[MATERIAL FOR THIS TASK]
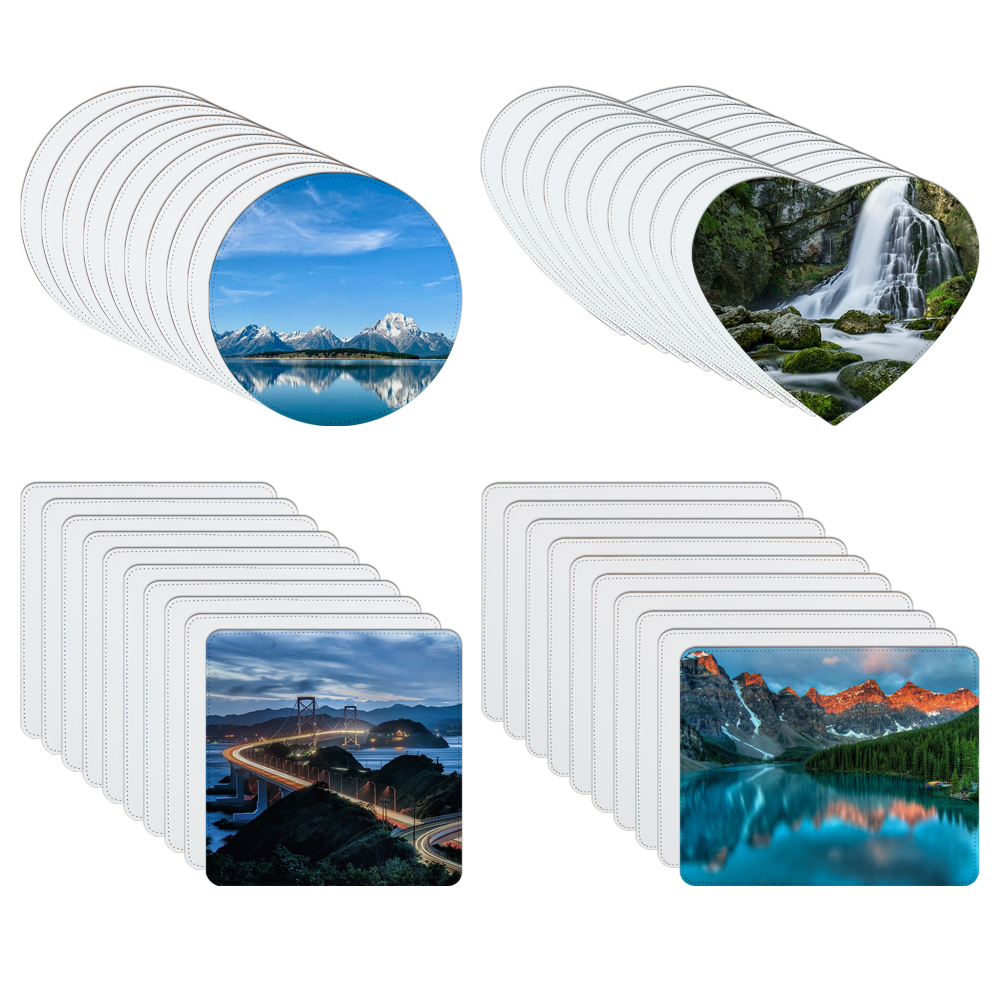 Discount Hot Selling! Sublimation Blank PU Leather Mouse Pad With Different Shapes Wholesale PU Leather Desk Mat Gaming Mouse Pad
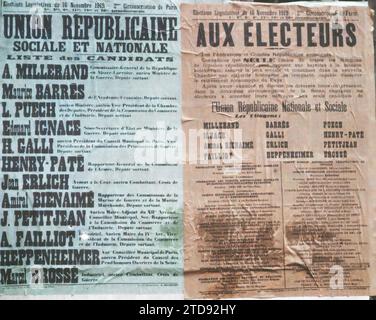 Paris, Frankreich Plakate der nationalen und sozialen Republikanischen Union für die Parlamentswahlen im November 1919, Registrierung, Information, politisches Leben, Poster, politische Partei, Wahl, Einsetzung, Frankreich, Paris, Plakate für die Parlamentswahlen, Paris, 13.11/1919 - 13.11.1919, Léon, Auguste, Fotograf, Autochrome, Foto, Glas, Autochrome, Foto, positiv, Horizontal, Format 9 x 12 cm Stockfoto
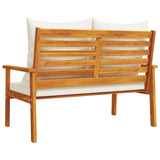 Garden Sofa Bench 120 cm with Cushion Solid Wood Acacia - Rear View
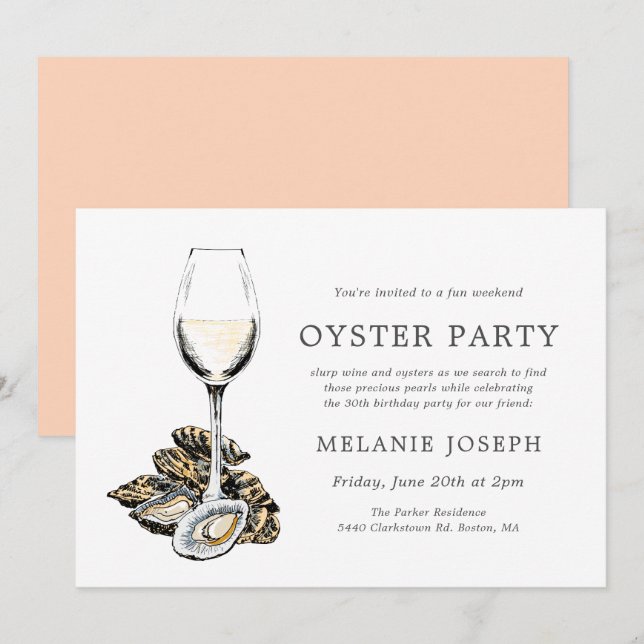 Invitación Cumpleaños Temático Oyster Pearl | Tema de Peach (Anverso / Reverso)
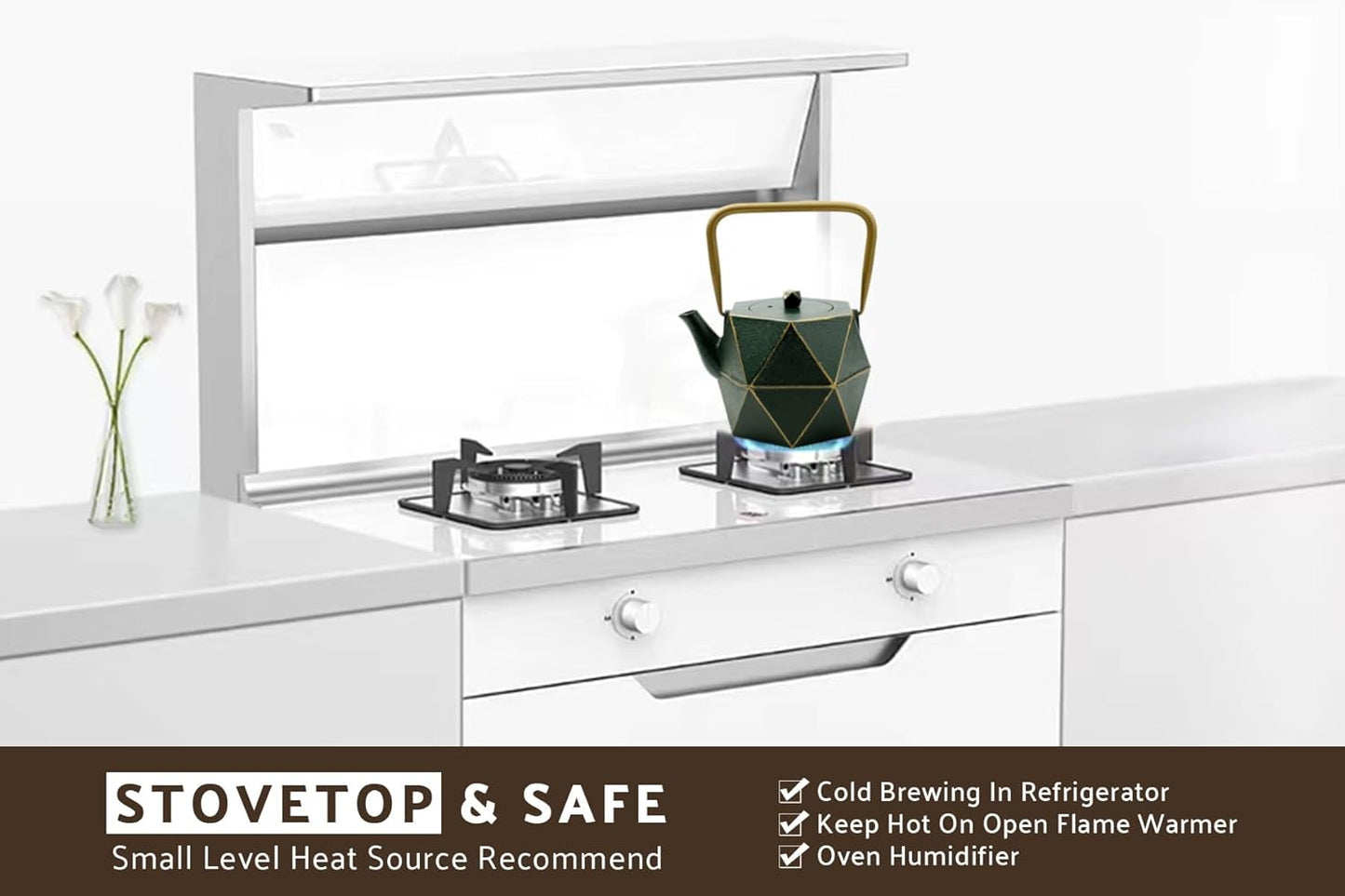 Toptier Cast Iron Teapot, Stovetop Safe Japanese Cast Iron Tea Kettle, Diamond Design Tea Pot with Removable Infuser for Loose Tea, 30 Ounce (900 ml), Dark Green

[YOUR ASSIGNMENT] Word for word, retype the lines from the one with "Garden Sofa Bench" through the final line of the data, both included. No pictures belong in the copy.

[REPLY]
 Garden Sofa Bench 120 cm with Cushion Solid Wood Acacia - Rear View
 Invitación Cumpleaños Temático Oyster Pearl | Tema de Peach (Anverso / Reverso)
 Toptier Cast Iron Teapot, Stovetop Safe Japanese Cast Iron Tea Kettle, Diamond Design Tea Pot with Removable Infuser for Loose Tea, 30 Ounce (900 ml), Dark Green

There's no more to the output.